What to do
Read the data, and whenever a line holds the word "Jersey", report that line.
Given data below:
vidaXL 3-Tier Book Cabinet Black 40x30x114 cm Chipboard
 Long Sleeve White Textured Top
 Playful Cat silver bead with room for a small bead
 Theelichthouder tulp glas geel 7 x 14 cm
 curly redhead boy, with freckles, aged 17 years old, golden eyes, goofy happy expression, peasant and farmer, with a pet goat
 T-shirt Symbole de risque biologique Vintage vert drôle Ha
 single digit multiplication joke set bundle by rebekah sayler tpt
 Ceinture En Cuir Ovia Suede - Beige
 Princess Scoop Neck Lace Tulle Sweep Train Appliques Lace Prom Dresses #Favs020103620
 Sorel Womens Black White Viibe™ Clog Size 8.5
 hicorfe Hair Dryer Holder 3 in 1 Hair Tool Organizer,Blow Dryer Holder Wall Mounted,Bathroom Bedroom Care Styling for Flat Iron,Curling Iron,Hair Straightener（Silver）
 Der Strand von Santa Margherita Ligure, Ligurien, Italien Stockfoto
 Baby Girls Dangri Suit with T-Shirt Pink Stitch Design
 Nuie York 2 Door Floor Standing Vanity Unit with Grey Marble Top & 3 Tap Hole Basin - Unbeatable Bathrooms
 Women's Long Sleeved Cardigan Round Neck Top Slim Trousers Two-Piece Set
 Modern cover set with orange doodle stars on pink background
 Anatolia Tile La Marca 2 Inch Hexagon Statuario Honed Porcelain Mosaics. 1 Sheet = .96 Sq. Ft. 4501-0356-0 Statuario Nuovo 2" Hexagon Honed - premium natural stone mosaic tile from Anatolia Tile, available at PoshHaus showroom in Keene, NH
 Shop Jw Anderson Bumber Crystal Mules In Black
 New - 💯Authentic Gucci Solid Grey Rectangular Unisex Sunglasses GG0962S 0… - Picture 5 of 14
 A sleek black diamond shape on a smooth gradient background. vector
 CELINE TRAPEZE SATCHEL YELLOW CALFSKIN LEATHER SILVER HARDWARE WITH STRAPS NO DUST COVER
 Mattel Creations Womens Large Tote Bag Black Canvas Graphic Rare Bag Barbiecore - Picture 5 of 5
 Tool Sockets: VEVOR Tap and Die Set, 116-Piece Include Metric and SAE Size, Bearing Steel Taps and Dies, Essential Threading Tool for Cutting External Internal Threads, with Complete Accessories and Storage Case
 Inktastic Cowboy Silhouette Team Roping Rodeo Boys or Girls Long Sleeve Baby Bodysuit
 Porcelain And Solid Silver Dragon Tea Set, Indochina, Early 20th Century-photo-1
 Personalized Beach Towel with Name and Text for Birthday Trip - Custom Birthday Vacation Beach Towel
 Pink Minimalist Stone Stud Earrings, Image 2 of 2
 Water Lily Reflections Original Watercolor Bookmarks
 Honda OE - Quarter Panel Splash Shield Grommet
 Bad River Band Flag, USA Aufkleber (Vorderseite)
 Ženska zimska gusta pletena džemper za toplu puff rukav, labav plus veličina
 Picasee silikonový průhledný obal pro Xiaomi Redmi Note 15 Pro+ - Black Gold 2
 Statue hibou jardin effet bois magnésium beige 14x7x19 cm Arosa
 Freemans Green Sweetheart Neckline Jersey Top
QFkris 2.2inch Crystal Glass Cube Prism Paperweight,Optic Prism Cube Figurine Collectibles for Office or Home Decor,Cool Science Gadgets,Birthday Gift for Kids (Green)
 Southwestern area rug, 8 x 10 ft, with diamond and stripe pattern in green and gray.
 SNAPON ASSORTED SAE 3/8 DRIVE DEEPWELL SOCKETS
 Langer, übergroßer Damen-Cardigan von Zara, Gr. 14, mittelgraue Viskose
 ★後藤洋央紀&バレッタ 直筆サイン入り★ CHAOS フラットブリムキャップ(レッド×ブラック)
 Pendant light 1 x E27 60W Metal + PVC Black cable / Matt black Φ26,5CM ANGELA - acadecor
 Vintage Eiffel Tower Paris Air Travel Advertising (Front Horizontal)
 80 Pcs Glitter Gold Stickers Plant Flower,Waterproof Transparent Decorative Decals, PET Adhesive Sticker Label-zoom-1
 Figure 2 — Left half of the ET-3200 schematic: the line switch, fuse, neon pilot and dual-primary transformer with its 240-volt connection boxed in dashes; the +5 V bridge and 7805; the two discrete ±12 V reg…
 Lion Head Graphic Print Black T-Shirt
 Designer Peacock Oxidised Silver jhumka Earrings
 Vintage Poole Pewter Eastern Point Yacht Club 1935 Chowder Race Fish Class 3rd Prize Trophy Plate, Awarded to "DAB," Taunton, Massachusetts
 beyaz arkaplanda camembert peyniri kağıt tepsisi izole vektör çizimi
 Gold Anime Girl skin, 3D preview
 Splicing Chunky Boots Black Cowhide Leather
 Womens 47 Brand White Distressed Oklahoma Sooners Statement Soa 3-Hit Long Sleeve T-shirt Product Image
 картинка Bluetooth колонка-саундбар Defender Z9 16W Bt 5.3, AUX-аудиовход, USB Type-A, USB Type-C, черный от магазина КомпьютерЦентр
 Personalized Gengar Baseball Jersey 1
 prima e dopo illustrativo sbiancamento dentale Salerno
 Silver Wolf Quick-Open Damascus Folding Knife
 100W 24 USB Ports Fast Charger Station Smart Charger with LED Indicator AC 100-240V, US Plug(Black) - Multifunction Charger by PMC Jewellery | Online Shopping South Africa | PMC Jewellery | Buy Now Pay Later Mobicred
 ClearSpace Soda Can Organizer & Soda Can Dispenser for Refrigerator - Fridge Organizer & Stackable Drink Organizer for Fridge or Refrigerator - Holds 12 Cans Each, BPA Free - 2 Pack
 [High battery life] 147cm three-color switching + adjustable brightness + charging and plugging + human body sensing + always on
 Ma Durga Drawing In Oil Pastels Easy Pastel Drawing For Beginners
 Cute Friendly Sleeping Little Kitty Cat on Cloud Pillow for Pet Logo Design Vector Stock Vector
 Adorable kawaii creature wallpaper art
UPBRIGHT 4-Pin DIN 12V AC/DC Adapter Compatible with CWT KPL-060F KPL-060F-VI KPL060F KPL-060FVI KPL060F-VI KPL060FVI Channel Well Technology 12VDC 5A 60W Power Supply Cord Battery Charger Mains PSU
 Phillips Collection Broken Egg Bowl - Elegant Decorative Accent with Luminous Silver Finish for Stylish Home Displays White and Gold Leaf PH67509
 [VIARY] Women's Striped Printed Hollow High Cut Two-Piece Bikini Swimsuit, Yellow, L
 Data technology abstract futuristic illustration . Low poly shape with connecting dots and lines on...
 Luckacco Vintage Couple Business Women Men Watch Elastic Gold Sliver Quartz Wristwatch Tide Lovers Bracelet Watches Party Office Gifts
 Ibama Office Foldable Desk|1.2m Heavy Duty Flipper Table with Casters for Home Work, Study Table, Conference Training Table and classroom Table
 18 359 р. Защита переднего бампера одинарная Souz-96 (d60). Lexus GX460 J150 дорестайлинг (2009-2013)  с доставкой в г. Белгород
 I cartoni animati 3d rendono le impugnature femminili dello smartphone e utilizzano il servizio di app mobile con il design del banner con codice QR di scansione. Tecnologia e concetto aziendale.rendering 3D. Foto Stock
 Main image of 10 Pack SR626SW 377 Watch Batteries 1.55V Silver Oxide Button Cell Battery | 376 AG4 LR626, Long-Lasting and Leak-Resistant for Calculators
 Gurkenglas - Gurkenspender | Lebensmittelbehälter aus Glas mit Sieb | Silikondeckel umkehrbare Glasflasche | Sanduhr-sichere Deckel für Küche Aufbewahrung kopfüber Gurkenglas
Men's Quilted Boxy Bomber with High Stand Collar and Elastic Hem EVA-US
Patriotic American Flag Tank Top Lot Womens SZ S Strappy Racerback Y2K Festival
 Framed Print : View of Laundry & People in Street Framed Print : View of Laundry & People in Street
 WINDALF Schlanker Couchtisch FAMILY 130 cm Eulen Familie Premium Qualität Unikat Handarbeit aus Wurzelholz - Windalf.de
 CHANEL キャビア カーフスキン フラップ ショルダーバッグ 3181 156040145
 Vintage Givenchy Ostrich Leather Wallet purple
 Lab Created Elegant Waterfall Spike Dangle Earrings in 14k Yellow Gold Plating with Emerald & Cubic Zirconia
End of Given data.
Completed exercise
 Freemans Green Sweetheart Neckline Jersey Top
 Personalized Gengar Baseball Jersey 1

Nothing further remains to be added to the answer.